• _Task to carry out_:
The answer should reproduce the listing below character for character.

• _Data provided_:
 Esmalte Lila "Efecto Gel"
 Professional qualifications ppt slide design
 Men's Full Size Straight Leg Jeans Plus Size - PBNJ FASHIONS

• _Problem solution_:
 Esmalte Lila "Efecto Gel"
 Professional qualifications ppt slide design
 Men's Full Size Straight Leg Jeans Plus Size - PBNJ FASHIONS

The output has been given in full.